El papa entre los cerdos
Toda la semana me había resistido al barullo de Francisco, a
la gaceta parroquial en que se había convertido la provinciana ciudad de
México. Incluso resistí la provocación de un amigo que me llamó nazi cuando le
dije que el papa era sólo un costal de ruido y furia, sin ninguna importancia.

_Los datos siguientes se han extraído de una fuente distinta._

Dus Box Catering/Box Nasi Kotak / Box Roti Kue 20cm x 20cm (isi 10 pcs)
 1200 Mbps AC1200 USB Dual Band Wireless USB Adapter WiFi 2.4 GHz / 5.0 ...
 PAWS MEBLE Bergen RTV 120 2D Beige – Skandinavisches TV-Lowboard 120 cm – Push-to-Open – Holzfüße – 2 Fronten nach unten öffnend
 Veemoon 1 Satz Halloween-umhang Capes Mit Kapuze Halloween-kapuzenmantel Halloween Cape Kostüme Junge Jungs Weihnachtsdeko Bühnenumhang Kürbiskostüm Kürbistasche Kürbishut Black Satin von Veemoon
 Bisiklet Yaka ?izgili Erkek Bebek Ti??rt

Luego Julio Florencio C. me pidió que escribiera algo sobre él
para su revista en línea, pero algo macanudo, ché, algo crítico. Me negué
porque sin importar que se alaben sus acercamientos libertadores, su
progresista teología conciliadora y juvenil, sin importar que se injurien sus
favoritismos hacia los regímenes anuladores de la Argentina o sus complicidades
con la pederastia deportiva católica, hablar bien o mal, es hablar y hablar,
ché, es siempre una bobada.
Entonces vino la revelación por la teve: vi al sujeto envuelto en una túnica merengosa y resbaladiza atrayéndose las cabezas de niños desnudos, saludando de beso en la mejilla a milicos obesos y acariciando la calva de 33mil muertos. Vi al papa y reconocí a Jesús en todo su esplendor eclesial: la Iglesia esa bella institución fundada en la lucha de la carne contra la vida, contra el sexo, contra la muerte. Vi al papa y reconocí a J. M. Bergoglio disfrazado a la Macbeth con ropas prestadas, cavando su tumba regia, divina, aterciopelada, real.
Vi al papa minúsculo entre los cerdos y me reconocí: la belleza es
fealdad y la fealdad es belleza. Bienvenido Papa Macbeth.